(Web page caption snippets)
-------

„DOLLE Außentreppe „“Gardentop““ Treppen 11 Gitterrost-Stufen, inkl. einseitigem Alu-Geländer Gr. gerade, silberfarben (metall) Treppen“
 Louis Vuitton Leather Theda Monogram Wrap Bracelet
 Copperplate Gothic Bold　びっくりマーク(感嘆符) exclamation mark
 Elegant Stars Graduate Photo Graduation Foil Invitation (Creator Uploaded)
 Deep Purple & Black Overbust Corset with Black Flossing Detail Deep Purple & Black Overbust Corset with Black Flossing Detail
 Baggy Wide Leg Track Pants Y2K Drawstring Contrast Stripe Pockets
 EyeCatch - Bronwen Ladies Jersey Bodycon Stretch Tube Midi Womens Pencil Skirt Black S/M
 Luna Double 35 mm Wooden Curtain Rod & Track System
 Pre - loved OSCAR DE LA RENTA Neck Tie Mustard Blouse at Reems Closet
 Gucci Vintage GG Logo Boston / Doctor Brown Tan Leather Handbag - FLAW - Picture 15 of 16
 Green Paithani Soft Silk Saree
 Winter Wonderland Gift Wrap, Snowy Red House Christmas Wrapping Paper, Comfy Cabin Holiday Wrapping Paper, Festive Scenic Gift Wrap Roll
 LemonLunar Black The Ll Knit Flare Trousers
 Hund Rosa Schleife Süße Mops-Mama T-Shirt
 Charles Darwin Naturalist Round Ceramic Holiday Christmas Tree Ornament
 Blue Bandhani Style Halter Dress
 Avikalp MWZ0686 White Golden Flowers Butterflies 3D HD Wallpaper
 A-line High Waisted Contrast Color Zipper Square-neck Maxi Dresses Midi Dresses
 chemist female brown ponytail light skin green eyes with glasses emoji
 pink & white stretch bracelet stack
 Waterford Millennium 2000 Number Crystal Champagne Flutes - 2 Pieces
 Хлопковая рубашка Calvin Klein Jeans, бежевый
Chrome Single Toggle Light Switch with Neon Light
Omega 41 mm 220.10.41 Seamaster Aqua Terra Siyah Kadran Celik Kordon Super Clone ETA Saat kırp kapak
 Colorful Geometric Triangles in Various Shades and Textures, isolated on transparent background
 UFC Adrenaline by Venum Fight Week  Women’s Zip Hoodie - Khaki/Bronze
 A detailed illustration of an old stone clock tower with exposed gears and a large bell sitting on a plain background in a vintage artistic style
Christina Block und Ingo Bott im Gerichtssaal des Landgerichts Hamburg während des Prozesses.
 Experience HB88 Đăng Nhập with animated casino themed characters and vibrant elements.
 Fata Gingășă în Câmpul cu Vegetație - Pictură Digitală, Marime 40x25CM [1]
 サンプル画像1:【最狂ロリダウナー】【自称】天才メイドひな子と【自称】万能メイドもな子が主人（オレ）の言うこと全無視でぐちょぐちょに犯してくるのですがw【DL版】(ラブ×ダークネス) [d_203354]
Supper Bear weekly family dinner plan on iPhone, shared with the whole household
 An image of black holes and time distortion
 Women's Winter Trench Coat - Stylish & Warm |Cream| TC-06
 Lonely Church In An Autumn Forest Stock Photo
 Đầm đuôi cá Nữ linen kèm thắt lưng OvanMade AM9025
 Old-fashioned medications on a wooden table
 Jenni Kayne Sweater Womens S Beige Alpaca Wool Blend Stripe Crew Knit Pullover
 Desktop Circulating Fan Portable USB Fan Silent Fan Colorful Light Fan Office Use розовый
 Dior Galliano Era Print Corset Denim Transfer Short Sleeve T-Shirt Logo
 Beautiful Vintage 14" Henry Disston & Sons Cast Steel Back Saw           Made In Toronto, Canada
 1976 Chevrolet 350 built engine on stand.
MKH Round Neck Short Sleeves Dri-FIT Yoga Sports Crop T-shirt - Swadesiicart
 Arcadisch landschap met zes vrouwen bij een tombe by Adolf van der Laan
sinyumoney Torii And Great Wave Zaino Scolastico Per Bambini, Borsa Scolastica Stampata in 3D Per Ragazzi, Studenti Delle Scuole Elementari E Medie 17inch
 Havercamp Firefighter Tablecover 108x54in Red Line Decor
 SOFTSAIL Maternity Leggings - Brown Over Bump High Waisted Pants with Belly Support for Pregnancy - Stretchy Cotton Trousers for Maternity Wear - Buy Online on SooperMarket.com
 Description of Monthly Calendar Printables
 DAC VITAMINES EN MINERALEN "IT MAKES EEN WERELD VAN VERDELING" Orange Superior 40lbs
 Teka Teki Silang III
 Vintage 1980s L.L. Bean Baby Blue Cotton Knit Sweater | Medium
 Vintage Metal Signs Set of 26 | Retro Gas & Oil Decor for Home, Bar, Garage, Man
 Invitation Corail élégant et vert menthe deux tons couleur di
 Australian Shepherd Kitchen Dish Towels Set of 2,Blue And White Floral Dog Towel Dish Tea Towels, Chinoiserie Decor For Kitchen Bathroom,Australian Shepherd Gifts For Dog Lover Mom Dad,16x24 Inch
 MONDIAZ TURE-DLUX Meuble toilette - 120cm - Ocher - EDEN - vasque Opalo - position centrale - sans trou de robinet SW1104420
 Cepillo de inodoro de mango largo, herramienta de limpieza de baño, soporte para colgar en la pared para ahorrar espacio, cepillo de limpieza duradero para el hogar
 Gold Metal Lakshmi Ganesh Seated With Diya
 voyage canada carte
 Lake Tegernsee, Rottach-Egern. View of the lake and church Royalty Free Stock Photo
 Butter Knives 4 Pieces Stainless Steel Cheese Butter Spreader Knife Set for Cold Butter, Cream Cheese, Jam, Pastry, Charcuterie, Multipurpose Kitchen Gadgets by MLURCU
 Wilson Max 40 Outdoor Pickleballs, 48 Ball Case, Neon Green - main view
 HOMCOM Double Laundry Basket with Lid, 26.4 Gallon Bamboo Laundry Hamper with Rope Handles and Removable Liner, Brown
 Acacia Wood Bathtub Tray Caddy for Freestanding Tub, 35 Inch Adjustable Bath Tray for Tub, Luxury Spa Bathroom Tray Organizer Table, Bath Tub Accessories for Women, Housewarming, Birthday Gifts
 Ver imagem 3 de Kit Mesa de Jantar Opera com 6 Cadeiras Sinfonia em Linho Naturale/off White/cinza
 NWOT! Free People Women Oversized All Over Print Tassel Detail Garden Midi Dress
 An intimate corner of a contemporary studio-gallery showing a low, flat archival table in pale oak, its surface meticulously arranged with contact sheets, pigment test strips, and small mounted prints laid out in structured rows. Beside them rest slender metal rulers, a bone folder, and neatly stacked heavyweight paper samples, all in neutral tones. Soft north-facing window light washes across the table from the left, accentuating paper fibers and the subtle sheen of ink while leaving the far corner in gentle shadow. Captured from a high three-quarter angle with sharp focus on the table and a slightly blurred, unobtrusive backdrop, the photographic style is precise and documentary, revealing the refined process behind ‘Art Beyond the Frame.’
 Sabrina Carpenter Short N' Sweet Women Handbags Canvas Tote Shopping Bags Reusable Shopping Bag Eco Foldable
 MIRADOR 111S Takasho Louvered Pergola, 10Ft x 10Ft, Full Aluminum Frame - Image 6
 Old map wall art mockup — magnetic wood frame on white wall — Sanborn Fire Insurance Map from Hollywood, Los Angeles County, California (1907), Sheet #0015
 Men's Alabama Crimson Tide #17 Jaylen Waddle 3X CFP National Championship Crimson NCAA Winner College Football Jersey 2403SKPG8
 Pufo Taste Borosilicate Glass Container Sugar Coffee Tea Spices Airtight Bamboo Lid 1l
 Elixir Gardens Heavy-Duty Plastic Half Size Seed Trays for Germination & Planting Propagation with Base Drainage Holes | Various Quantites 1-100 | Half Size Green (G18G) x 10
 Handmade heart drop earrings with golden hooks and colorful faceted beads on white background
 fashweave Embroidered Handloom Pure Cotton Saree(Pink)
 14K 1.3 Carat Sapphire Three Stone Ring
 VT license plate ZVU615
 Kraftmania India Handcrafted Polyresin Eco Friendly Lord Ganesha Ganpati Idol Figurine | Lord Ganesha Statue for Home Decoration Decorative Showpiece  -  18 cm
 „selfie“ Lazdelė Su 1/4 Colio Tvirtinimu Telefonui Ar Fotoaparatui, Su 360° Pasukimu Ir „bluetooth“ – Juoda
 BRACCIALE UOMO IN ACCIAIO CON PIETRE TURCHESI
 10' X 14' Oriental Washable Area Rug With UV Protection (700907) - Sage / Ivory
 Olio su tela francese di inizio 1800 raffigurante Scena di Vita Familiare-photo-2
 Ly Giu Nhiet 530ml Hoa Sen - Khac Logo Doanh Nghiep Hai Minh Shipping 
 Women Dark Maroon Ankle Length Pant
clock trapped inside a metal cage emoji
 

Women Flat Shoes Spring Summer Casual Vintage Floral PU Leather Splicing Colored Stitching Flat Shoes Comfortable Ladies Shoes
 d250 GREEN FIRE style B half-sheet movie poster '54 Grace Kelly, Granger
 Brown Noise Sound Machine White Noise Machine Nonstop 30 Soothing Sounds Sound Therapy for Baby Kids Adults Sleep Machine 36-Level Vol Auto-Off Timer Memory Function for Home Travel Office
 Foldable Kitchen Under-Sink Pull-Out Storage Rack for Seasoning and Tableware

-------

Your instructions —
Extract the first line above and each line after it up to and including the one with "Luna Double 35", please, exactly and with nothing else.

Output for this task —
„DOLLE Außentreppe „“Gardentop““ Treppen 11 Gitterrost-Stufen, inkl. einseitigem Alu-Geländer Gr. gerade, silberfarben (metall) Treppen“
 Louis Vuitton Leather Theda Monogram Wrap Bracelet
 Copperplate Gothic Bold　びっくりマーク(感嘆符) exclamation mark
 Elegant Stars Graduate Photo Graduation Foil Invitation (Creator Uploaded)
 Deep Purple & Black Overbust Corset with Black Flossing Detail Deep Purple & Black Overbust Corset with Black Flossing Detail
 Baggy Wide Leg Track Pants Y2K Drawstring Contrast Stripe Pockets
 EyeCatch - Bronwen Ladies Jersey Bodycon Stretch Tube Midi Womens Pencil Skirt Black S/M
 Luna Double 35 mm Wooden Curtain Rod & Track System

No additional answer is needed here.